The answer must consist of every line in the data that contains "Photo".
BEGIN
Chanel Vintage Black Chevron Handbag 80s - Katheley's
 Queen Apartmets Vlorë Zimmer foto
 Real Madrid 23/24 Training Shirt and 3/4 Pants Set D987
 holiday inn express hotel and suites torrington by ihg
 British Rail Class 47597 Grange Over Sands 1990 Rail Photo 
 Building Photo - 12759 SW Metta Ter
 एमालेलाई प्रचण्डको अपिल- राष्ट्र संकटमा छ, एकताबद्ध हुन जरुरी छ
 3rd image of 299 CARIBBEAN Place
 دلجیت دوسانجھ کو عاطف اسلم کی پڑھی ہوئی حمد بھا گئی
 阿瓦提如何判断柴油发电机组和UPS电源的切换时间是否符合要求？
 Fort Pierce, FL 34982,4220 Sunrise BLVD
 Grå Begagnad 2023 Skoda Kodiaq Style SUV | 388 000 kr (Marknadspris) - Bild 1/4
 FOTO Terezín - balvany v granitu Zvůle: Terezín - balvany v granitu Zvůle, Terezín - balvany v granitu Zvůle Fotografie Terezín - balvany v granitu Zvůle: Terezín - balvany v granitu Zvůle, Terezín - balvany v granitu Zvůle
END
• _Exercise answer_
 British Rail Class 47597 Grange Over Sands 1990 Rail Photo 
 Building Photo - 12759 SW Metta Ter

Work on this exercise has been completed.